Il faut parfois mettre fin aux légendes. C’est un peu triste mais la soif de vérité l’emporte parfois, même au plus profond des forets du centre de la France.

Certains prétendent avoir vu des lutins dans le massif couvert de sapins, lesquels lutins, trolls, elfes, korrigans ou que sais-je encore tenteraient de piéger les hommes ailés qui s’aventurent parfois trop près de leur domaine.
La réalité est toute autre.

Elle va de paire avec l’isolement de la région, favorable à la naissance de certaines idées qui s’éloignent du courant de la pensée dominante. On ne peut pour autant parler de secte. Tout au plus s’agit-il d’individus qui souhaitent mener une réflexion sur leur mode de vie, et sur le véritable sens des réalités. Ce sont les héritiers d’une longue tradition, celle du « lung-gom », ce qui veut dire en tibétain « contemplation du ciel, médiation de vent, réflexion aérienne. Traduire le concept dans notre langue est difficile, car le mode de pensée et la vision du monde ne se recouvrent pas complètement d’une langue à l’autre.

Je connais personnellement quelques membres de ce groupe difficile à approcher. Il s’effarouchent facilement et s’envolent si l’on commence à leur parler. Il semble qu’ils aient peur du poids du passé. Ils souhaitent probablement s’en libérer comme on se libère de la pesanteur, pour aller plus haut et plus loin. Car en regardant en arrière, ils se voient trop terre à terre, trop engrenage et numéro dans le système.

« Envole toi » murmure la voix. Mais une pratique du rite et d’une discipline sévère est nécessaire avant même d’atteindre les pré-requis, ou les champs vachables.

« Envole toi », revient comme une litanie, un psaume psalmodié par le vent dans les aiguilles des roches dures, dans les couleurs obsolètes des mélèzes décidus, et mème dans les rondeurs des volcans éteints. La nature parle, mais seulement à ceux qui savent écouter. Tandis que le train de la civilisation siffle dans le lointain.

Il y en a un qu’on appel Devin : c’est un peu le chef, mais pas vraiment. En fait, 2-20, c’était son matricule dans une autre vie, donc rien à voir avec des pouvoirs divinatoires, à la rigueur peut-être avec le pinard car on l’a déjà vu entre deux vins. L’histoire est floue, mais il semble qu’il ait lancé le mouvement. Ses voyages dans des pays idylliques lui ont-ils ouvert la route de la sagesse ? Il est possible qu’il ait connu les mages des tropiques et les divinités des glaces. Du feu du volcan à la banquise transparente ou opaque, il a roulé sa bosse. A l’occasion, quelques explosions (voir « l’affaire Kanter », du même auteur) suivaient sa trace… Qu’il cherche la paix n’est donc pas si surprenant.

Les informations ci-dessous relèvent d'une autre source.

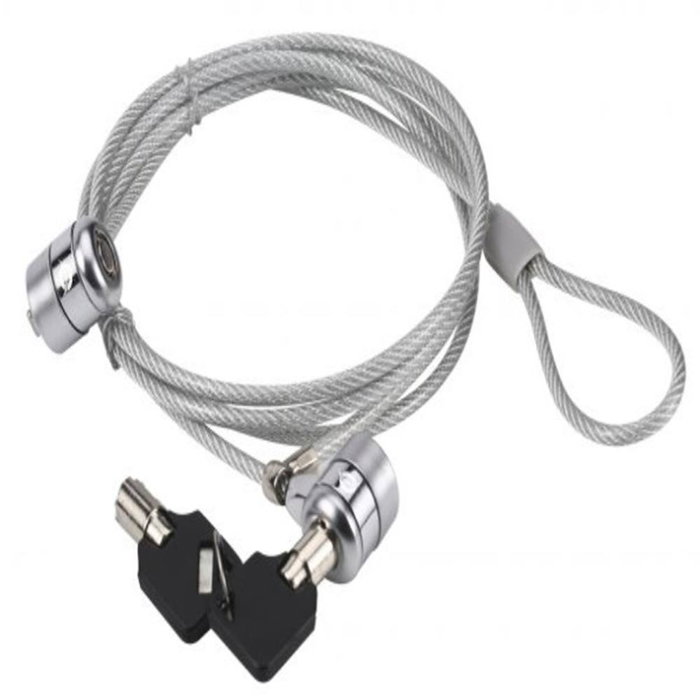 Conceptronic Câble Antivol Portable Double 1.5 m - Serrure de Sécurité pour Ordinateur Portable avec 2 Clés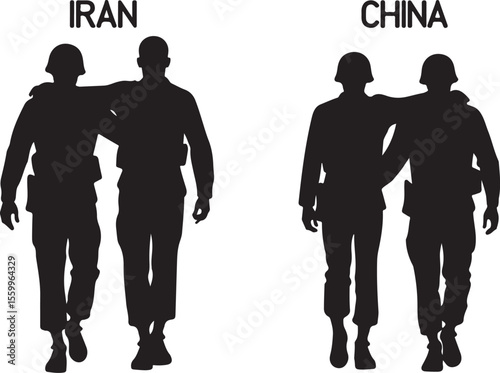 Rising Powers: Silhouettes of Soldiers from Iran, China, Russia, Korea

De retour sous nos latitudes, il s’est intéressé à ce que l’on peut appeler l’ultra-vol, à base de vol, et de technique de méditation. Le but est d’aller ailleurs, plus loin, tout en restant sur place. Il n’est de voyage que de l’esprit. C’est un travail d’athlète spirituel, de spiritualité athlétique. Il est nécessaire de ne faire qu’un avec la montagne et avec la nature, tout en respectant l’environnement et les moutons, au bord d’une onde pure. Léger tel un oiseau sur la branche le disciple se rapproche de la cime sans l’effleurer, sauf par la pensée. Dans la tension créée par ce rapprochement, le courant passe dans la couche limite d’écoulement laminaire, pour créer comme une portance poétique.

Avagarika Govinda. Le coureur sur le chemin des nuages blancs.
« Envole toi ». Ce n’est pas évident, mais c’est possible. Les lapins bondissent bien d’une touffe à l’autre. Les zèbres filent comme le vent.

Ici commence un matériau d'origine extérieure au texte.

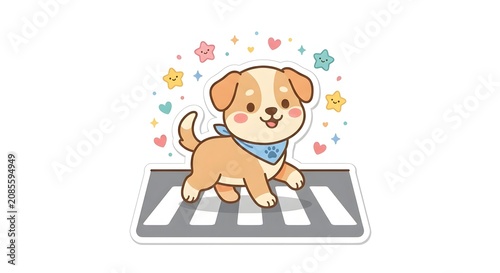 Cute kawaii puppy walking on a crosswalk sticker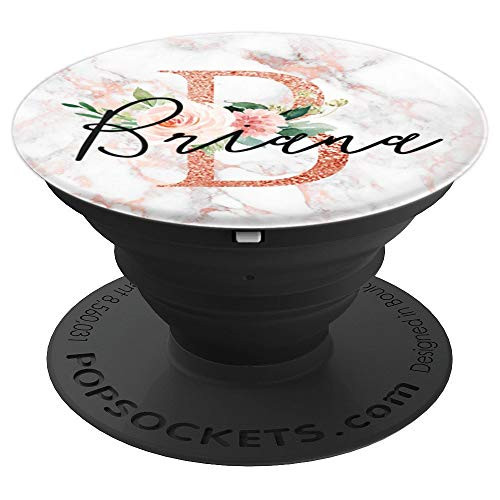 Briana First Name Initial B Rose Pink Marble and Floral PopSockets Grip and Stand for Phones and Tablets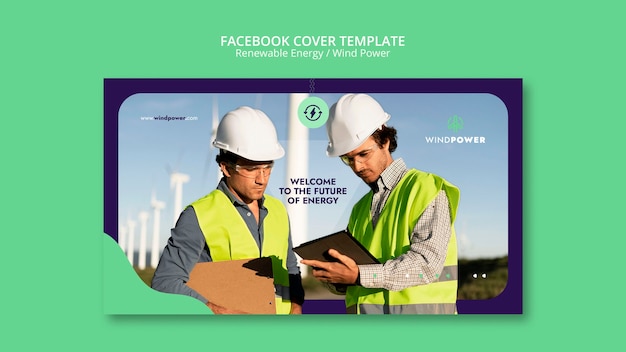 Diseño de plantilla de portada de facebook de energía renovable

Anachorètes thaumaturges*.
A vous, mes frères, amis des branches, nous trouverons notre chemin, loin des sarcasmes, des sargasses qui agassent ; nous nous rapprocherons de l’éther sans en respirer les vapeurs, alors que les panaches de la Pacific 231 sifflant au sortir du tunnel du temps se formeront en volutes ascendantes, et nous porteront aux nues, bien vêtus quand même pour ne pas prendre froid.

Anachorète thaumaturge.
C’est celui qui le dit qui y est. Et au diable les airs contraires.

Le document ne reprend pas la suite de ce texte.